Try it - The entries below hold a line with "Take Pride Tee" and a line with "Air Jordan 4". Return those lines and all that lie between them, exactly and only.

Records from a collection -
_____
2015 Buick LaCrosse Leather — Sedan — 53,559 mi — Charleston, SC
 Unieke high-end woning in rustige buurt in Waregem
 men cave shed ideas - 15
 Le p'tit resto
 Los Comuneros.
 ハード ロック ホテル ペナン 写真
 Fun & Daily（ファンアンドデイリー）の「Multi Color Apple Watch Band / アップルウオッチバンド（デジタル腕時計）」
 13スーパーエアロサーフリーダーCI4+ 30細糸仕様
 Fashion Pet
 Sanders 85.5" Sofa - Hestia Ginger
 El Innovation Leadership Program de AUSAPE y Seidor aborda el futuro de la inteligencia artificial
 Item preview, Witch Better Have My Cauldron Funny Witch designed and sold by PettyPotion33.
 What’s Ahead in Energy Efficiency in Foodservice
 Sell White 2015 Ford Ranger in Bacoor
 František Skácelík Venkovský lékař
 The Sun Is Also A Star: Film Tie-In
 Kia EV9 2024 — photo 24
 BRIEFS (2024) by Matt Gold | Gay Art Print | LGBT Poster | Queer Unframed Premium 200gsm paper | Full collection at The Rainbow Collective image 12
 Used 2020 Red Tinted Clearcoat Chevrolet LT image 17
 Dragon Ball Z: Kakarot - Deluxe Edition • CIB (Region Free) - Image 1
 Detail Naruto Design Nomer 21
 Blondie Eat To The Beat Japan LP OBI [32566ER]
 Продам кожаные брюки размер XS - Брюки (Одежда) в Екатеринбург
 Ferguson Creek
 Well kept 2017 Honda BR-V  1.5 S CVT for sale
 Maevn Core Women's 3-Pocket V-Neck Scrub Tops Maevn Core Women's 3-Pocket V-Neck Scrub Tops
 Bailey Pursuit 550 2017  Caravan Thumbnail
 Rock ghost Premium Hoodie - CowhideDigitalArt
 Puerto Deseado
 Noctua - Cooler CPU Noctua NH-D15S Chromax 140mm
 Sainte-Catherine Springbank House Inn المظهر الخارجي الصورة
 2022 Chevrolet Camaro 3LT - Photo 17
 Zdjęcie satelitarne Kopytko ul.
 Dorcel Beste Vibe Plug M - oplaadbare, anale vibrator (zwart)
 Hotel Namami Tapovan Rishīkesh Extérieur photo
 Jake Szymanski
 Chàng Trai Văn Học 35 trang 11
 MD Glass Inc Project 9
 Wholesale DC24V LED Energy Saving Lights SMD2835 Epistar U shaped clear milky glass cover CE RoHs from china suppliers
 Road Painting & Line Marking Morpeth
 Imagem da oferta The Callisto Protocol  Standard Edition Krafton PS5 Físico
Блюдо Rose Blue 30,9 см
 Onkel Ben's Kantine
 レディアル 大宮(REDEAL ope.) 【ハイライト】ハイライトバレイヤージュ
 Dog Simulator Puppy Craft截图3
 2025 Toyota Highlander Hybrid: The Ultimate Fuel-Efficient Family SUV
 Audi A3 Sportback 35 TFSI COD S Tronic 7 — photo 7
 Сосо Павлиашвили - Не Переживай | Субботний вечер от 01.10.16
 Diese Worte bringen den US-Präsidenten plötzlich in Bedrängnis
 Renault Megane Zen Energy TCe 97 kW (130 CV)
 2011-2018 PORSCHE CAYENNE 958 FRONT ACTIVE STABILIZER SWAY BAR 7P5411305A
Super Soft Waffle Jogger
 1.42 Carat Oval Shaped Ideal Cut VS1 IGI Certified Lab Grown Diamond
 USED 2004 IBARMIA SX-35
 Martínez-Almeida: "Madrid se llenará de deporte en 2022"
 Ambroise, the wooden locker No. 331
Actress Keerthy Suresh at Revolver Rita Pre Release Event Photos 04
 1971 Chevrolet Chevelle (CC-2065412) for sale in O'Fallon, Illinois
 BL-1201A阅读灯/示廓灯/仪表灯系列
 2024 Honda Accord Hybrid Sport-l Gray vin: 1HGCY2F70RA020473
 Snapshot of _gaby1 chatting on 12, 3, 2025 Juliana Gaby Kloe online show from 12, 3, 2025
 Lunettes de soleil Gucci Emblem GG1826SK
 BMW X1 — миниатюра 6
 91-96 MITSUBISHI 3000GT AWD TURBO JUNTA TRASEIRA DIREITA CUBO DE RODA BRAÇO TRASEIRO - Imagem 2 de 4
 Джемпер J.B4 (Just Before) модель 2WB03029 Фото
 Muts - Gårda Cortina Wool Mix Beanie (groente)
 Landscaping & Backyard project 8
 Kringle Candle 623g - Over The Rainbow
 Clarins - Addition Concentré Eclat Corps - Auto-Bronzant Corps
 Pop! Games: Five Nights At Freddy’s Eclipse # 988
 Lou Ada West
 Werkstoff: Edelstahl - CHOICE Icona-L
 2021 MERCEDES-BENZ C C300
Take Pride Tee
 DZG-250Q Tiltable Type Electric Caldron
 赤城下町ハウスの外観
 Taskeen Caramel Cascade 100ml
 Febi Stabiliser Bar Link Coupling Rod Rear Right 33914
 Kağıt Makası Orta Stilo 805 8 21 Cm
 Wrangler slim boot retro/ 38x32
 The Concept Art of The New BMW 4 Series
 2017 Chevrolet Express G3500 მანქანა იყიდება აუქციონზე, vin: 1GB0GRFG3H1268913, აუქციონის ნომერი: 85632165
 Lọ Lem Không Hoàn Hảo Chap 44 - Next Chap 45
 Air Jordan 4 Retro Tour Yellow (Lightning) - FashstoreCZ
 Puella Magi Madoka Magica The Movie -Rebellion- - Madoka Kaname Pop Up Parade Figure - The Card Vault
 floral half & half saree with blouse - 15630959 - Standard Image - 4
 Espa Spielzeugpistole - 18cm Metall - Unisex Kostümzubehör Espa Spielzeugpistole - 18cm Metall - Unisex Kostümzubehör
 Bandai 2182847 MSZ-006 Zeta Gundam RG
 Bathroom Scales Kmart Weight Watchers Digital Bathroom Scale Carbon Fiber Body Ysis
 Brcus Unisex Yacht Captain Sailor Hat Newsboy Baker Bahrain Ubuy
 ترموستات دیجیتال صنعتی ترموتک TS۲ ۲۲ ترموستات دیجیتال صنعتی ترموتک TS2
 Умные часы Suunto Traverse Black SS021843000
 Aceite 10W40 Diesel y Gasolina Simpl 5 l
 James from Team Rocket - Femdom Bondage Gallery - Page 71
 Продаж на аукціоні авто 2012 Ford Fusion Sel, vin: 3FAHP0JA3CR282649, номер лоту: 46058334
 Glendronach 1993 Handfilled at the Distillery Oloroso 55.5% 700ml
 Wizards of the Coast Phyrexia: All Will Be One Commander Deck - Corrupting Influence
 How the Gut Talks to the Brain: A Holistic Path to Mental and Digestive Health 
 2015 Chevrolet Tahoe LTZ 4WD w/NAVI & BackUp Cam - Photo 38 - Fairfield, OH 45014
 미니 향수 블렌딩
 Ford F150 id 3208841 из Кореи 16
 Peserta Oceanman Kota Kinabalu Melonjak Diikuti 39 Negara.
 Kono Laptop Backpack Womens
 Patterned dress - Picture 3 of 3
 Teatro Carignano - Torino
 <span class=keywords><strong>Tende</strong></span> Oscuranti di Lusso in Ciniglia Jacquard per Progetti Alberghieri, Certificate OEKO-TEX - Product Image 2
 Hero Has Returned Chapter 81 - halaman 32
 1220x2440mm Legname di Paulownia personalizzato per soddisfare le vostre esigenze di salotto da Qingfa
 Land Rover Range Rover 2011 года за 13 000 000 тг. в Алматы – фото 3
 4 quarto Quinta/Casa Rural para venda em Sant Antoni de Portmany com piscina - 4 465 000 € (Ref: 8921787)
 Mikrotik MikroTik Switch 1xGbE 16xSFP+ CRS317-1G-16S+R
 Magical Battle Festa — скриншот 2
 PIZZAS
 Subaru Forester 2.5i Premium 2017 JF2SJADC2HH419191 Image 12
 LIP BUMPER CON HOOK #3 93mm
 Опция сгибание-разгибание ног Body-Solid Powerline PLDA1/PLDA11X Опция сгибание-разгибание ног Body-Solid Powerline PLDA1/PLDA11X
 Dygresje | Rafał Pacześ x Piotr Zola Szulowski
_____
Exercise solution -
Take Pride Tee
 DZG-250Q Tiltable Type Electric Caldron
 赤城下町ハウスの外観
 Taskeen Caramel Cascade 100ml
 Febi Stabiliser Bar Link Coupling Rod Rear Right 33914
 Kağıt Makası Orta Stilo 805 8 21 Cm
 Wrangler slim boot retro/ 38x32
 The Concept Art of The New BMW 4 Series
 2017 Chevrolet Express G3500 მანქანა იყიდება აუქციონზე, vin: 1GB0GRFG3H1268913, აუქციონის ნომერი: 85632165
 Lọ Lem Không Hoàn Hảo Chap 44 - Next Chap 45
 Air Jordan 4 Retro Tour Yellow (Lightning) - FashstoreCZ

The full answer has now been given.